**Aim of the exercise**
Since the listing below shows pictures, leave them out and write out exactly the lines from the line with "Ретро телевизионна игра" to the line with "Image FIAT 500X", both included, and no others.

**Exercise data**
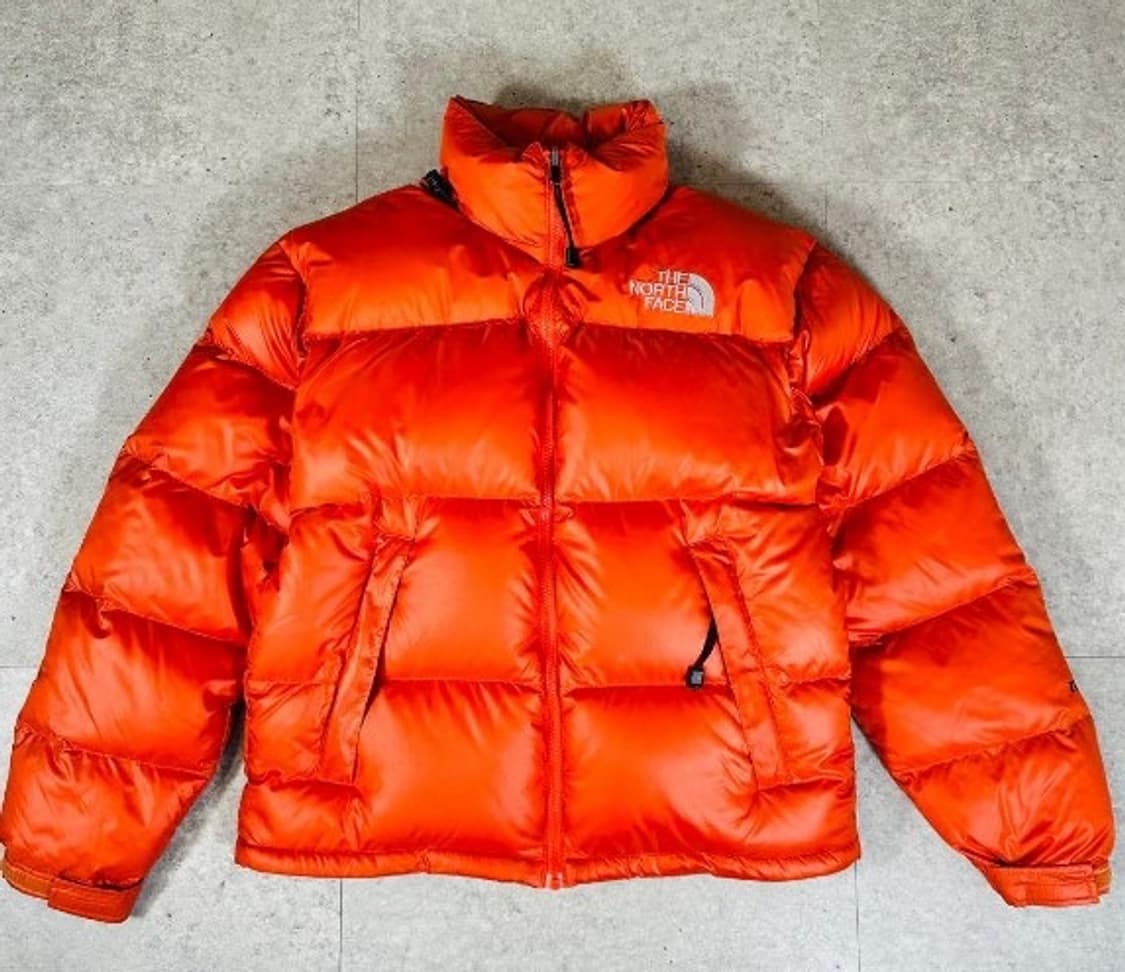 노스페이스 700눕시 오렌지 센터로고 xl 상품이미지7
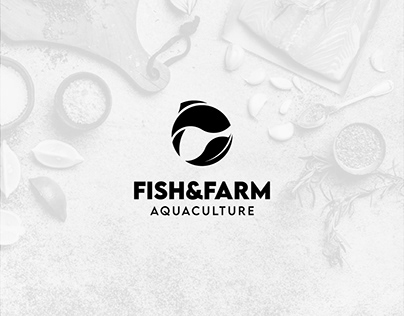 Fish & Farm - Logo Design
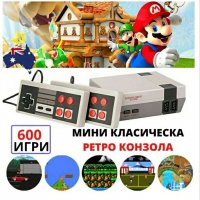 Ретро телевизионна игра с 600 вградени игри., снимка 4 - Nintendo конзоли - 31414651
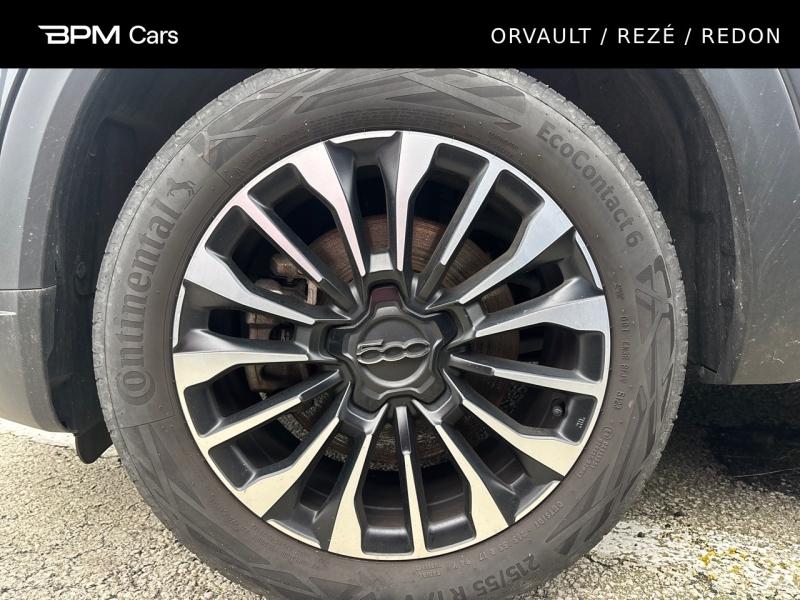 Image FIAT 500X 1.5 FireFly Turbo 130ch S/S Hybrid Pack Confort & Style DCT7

---

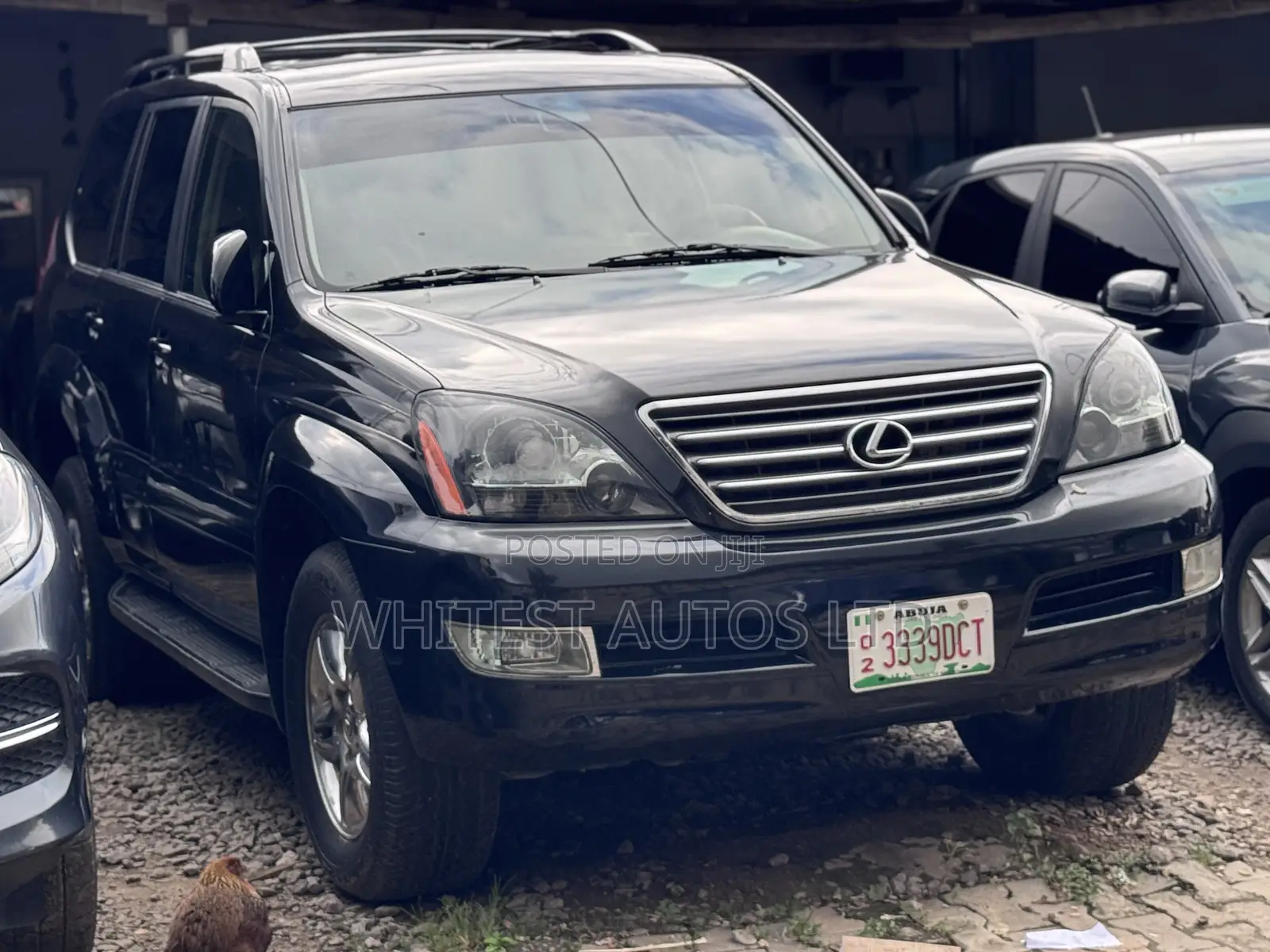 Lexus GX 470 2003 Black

**Problem solution**
 Ретро телевизионна игра с 600 вградени игри., снимка 4 - Nintendo конзоли - 31414651
 Image FIAT 500X 1.5 FireFly Turbo 130ch S/S Hybrid Pack Confort & Style DCT7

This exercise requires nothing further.